Red Hat Bugzilla – Bug 64699
Crash on heavy Adaptec aic7xxx load: invalid SCB
Last modified: 2007-04-18 12:42:30 EDT
From Bugzilla Helper:
User-Agent: Mozilla/4.78 [en] (X11; U; Linux 2.4.18-3 i686)
Description of problem:
currentKernel crashes on heavy Adaptec aic7xxx load, last message:
HOST_MSG_LOOP with invalid SCB 0
Version-Release number of selected component (if applicable):
Steps to Reproduce:
CPU: AMD 1700+ (no overclocking)
MB: ASUS A7V333 (BIOS: mostly default)
SCSI: Adaptec 2940 (without U)
Disk: Seagate ST 32430 N
Card was already placed into another PCI slot, don't help.

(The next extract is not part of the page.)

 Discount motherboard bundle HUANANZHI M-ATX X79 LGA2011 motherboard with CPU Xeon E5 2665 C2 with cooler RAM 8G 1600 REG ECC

Actual Results: On heavy load on the SCSI bus using disk, kernel crashes in
Expected Results: No crash
Google already shows results if looking for shown message - is the current
aic7xxx module really bugfree?
I'm seeing the exact samething on a 2 drive software raid 1 trying to run
cerberus. I just get pages and pages of SCB errors.. This is on a VA Linux
Fullon 2251 (Dual PIII 1Gz, 1GB RAM 2 36GB SCSI Drives.
A second machine here crashes on heavy loaded SCSI.
It's a PII-350, ASUS P2B-LS (with 7890) and 1x 18 GB U2W, 1x4 GB U2W and 1x4 GB
U. Used kernel: 2.4.18-3 from RHL 7.3
Load was generated by running VMware (image on a VFAT partition) and a VCD image
System crashes (only echo-reply was sent back by kernel, nothing else working
Since using now "aic7xxx_old", all such problems are gone.
RH7.2 - Replaced older Adaptec board with 2 AVA-2906 (now have two SCSI boxes).
Both the original and new boards hang when copying large files. Kernel messages
(/var/log/messages) show attempts to reset the bus.
Since switching from the aic7xxx driver to aic7xxx_old solved your problem I
have Cc:ed Justin Gibbs (author of the newer aic7xxx driver) on this report as
he would be the one to fix your problem with the new driver. I suspect the same
is true for firstname.lastname@example.org's problem.
Your problem sounds unrelated and most likely like SCSI termination issues.
Please check your SCSI cabling and termination. If there is still a problem
after confirming that the scsi cabling and termination are correct then please
open a different bug report. Please do not attach any more comments to this bug
report since the problem you have and the problem in this bug report are not the
I believe the problem is related becuase it symptoms are similar to that
described elsewhere. The SCSI stacks have been in use with out change to
configuration for 1.5+ years. A Tekram board worked fine but wasn't easily
recognized with the 7.2 u/g. I installed a AHA2960? (7850-based) card and when
transferring large files to or from a SCSI drive there were timeout problems.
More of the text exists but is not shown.